• **Exercise objective**: Looking at the listing below, how many lines include "Park"? Answer with the number only.

================================

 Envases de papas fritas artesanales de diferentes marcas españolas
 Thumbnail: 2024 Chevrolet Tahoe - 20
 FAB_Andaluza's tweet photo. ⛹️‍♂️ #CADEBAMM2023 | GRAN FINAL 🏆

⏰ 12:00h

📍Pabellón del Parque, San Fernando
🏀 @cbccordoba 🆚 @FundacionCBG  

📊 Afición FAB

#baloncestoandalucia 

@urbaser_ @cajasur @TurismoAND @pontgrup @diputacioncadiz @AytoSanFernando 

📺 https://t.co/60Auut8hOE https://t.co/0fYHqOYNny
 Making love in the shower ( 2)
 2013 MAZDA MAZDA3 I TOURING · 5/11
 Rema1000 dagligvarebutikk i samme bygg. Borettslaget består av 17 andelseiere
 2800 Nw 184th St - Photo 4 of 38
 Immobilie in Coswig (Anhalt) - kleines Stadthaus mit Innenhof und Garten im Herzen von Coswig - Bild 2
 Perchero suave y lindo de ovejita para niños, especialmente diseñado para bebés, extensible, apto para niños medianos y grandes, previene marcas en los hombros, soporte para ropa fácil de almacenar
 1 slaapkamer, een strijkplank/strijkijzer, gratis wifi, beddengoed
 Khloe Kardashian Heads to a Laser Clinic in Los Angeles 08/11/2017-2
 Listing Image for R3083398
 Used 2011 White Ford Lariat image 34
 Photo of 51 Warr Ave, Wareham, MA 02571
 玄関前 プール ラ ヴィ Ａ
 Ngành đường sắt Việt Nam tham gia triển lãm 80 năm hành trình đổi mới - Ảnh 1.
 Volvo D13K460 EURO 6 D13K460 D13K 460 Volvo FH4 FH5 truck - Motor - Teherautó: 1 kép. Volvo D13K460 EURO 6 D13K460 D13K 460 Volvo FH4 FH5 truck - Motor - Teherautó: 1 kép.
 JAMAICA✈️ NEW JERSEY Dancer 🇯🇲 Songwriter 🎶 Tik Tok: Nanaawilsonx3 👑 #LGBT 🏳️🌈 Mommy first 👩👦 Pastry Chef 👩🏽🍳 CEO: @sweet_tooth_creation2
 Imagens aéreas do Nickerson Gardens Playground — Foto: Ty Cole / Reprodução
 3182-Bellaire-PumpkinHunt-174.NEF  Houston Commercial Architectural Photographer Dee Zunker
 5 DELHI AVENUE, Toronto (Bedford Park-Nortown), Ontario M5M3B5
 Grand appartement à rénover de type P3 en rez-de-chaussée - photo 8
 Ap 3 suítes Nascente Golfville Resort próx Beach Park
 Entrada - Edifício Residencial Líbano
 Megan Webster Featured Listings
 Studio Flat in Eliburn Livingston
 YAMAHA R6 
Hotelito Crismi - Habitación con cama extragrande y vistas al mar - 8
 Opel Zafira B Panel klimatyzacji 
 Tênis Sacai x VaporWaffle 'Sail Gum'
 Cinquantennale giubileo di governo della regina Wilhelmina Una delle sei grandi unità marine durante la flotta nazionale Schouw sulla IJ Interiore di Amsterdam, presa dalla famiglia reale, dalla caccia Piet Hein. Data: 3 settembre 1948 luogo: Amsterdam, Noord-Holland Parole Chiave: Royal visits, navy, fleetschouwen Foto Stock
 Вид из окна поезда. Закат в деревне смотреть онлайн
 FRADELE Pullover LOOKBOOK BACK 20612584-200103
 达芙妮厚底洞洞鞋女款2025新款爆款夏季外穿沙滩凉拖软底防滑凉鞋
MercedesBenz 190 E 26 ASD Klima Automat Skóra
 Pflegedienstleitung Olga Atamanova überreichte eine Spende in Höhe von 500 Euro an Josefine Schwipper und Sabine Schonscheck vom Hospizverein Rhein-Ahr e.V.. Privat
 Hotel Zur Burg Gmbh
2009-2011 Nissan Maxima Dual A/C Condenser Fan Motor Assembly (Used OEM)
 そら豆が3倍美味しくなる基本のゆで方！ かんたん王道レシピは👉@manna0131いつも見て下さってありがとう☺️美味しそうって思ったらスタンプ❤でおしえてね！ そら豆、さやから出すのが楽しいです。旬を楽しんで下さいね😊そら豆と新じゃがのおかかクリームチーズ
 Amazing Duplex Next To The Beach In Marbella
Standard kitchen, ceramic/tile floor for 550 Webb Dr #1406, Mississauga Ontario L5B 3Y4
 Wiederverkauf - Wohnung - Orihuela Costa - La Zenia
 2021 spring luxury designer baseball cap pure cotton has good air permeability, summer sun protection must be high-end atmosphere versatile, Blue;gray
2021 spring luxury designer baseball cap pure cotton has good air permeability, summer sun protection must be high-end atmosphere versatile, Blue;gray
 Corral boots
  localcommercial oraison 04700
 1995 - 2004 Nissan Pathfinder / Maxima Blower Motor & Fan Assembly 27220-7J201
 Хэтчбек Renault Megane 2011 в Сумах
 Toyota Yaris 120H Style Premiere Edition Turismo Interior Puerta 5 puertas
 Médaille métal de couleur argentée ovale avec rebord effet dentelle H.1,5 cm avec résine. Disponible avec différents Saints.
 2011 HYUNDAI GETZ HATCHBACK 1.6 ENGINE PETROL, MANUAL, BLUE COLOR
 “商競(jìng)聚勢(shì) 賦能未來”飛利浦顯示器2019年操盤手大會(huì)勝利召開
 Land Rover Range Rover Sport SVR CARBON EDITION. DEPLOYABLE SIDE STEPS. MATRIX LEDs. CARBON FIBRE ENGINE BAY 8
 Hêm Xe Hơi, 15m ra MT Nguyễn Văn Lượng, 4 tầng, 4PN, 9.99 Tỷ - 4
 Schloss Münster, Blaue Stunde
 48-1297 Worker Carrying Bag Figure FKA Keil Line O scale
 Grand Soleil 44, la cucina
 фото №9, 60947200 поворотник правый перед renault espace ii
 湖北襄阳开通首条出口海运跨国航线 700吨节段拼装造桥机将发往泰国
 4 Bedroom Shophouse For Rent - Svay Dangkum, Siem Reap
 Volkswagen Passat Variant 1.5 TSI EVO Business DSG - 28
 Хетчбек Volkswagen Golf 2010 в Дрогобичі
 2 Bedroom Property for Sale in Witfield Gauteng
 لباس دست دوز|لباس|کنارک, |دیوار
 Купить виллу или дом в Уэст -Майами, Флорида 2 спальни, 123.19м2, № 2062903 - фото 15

================================

• **Result below**: 2